Wednesday, March 14, 2012


I haven't told you about any extinct animals for a while, but today I am going to tell you about the Irish Elk.  And the reason I picked this particular animal is because St. Patrick's Day will be here on Saturday, and I liked the idea of writing about an extinct animal that was Irish.  Except that when I started doing my in-depth research on the Irish Elk, I found out that somebody really goofed when they gave it that name, because (1) it isn't an elk, and (2) it isn't even Irish!

The scientific name for the so-called Irish Elk is Megaloceros giganteus, and what it really is is a humongous deer.  In fact, it was the biggest deer that ever lived!  Mostly, it was around during the Pleistocene Epoch, which started 2.6 million years ago and ended 11,700 years ago.  Other names for the Irish Elk are Irish Deer or Giant Deer.  Their range was from Ireland on the west, through Europe and  western Asia, to Lake Baikal on the east.  And the reason that people started calling them "Irish" was because lots of really good skeletons of these animals have been found in Irish bogs.

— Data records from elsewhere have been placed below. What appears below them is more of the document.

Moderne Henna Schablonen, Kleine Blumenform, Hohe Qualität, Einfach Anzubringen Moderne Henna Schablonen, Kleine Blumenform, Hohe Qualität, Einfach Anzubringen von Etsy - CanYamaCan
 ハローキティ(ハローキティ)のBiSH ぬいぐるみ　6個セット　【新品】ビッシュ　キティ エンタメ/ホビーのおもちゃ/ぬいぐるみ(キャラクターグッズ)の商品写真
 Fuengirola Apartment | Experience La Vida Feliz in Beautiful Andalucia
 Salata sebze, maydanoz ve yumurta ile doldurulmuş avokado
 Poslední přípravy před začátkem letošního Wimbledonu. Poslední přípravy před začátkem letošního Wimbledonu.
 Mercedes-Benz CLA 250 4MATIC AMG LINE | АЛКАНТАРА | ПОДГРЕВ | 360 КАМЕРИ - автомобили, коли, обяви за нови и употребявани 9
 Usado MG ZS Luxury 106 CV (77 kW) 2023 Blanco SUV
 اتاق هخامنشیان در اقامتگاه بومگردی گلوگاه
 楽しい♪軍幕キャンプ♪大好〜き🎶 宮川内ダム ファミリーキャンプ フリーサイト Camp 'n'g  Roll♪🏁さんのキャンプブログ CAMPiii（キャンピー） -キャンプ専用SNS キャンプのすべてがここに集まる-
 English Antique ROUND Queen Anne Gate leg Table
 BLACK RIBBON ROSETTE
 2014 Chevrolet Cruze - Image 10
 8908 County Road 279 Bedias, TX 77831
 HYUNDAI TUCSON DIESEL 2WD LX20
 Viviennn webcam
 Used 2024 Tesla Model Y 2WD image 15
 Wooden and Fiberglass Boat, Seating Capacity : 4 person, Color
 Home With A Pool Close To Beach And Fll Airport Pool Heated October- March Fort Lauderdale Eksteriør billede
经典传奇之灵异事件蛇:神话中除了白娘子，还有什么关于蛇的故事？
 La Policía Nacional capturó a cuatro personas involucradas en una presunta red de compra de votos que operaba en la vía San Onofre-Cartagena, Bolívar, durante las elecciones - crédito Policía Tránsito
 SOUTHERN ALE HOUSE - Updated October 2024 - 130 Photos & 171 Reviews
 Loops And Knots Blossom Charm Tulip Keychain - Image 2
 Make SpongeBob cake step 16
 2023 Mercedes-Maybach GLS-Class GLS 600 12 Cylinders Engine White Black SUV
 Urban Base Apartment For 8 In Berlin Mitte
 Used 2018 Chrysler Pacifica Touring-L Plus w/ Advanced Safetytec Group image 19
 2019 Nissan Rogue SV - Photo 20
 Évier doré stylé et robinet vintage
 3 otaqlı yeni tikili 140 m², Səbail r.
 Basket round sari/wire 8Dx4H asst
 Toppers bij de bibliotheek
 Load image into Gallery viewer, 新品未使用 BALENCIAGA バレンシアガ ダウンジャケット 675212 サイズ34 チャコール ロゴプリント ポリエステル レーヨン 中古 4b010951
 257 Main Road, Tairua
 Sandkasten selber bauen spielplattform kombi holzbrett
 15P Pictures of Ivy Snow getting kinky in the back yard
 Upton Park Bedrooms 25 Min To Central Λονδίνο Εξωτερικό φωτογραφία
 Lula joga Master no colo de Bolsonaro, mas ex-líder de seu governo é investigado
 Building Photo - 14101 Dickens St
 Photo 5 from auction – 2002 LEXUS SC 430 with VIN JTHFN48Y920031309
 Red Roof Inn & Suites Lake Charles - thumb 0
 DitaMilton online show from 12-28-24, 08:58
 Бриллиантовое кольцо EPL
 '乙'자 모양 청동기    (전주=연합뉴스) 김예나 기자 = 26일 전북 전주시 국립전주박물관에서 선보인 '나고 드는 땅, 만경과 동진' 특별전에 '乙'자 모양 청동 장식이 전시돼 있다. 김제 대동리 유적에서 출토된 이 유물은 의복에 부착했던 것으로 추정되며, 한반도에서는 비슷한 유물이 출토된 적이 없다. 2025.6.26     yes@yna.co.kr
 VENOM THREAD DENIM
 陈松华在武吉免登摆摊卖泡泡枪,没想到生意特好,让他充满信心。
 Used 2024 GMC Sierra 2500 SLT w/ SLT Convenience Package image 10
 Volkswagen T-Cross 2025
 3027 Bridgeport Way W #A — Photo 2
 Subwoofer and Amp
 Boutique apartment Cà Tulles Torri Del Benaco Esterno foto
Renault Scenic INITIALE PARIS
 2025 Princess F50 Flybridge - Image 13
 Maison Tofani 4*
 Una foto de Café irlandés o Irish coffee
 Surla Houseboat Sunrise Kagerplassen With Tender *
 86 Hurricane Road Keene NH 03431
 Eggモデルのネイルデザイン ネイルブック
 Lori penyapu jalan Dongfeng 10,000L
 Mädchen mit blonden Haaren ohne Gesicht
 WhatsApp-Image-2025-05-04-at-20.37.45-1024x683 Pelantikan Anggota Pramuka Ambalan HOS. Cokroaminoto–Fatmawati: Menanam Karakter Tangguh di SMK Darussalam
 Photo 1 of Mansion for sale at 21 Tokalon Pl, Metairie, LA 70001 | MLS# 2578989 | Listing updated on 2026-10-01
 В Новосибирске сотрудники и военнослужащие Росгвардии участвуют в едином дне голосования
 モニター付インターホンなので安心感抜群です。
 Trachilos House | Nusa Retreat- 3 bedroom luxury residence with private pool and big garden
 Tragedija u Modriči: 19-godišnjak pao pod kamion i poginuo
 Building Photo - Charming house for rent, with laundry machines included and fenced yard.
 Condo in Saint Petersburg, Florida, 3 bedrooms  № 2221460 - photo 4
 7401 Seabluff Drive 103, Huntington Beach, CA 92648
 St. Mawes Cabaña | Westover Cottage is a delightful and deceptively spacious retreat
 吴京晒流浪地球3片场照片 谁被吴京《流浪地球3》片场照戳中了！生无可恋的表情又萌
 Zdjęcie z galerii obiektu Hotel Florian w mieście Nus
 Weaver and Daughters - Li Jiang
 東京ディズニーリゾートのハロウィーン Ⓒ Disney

Etching by Will Simmons, 1925
The Irish Elk is really and truly and completely extinct.  It is not related to any extant animal, such as moose or American elk.  It was 7 feet tall at the shoulder, which made it about the same size as a modern moose, but the antlers were way bigger.  The antlers of an Irish Elk could be as wide as 12 feet and weigh up to 88 pounds.  It seems to me like you would get a headache and a sore neck from carrying all this weight around on your head, but nobody ever heard the Irish Elk complain about it, so maybe it didn't bother them.

You might be wondering why the Irish Elk went extinct.  Well, scientists have been wondering the same thing, and nobody knows for sure, but of course scientists always have theories.  For once, the end of  the Irish Elk can't be blamed on too much hunting or habitat destruction by people.  Instead, it seems like maybe when the last Ice Age ended, the type of vegetation available for the giant deer to eat had changed, and they couldn't get enough calcium and phosphate to make their big antlers.  Or else they gradually starved to death.  Or something like that.

Cave painting in Lascaux
The last of the Irish Elk died out in Ireland about 11,000 years ago, but the ones in places like Siberia didn't go extinct until 8,000 years ago.  The best place to see a big collection of Irish Elk skeletons is the Natural History Museum in Dublin.

I kind of wish that the Irish Elk were still around because I think if you put one in a St. Patrick's Day parade and decorated his antlers with a whole bunch of sparkly green streamers, it would look totally cool.  And you could probably win First Prize in the parade, too!


  1. LOL...sorry to start out laughing, but still chuckling from your comment about putting the Irish Elk in a St. Pat's Day parade! :) I was glad to read they were like humongous deer cause that was my first thought when I saw the photo. I've never seen antlers that'd think they would get a headache carrying all that weight! Thanks for today's blog!
    Love, AP

  2. We enjoyed learning about the Irish elk today, but I was wondering where you found such a nice picture of one if they are extinct.

    --Zest, superstar in training

    1. I think that maybe before they went extinct, they posed for some nice painters to make their portraits. At least that's my theory.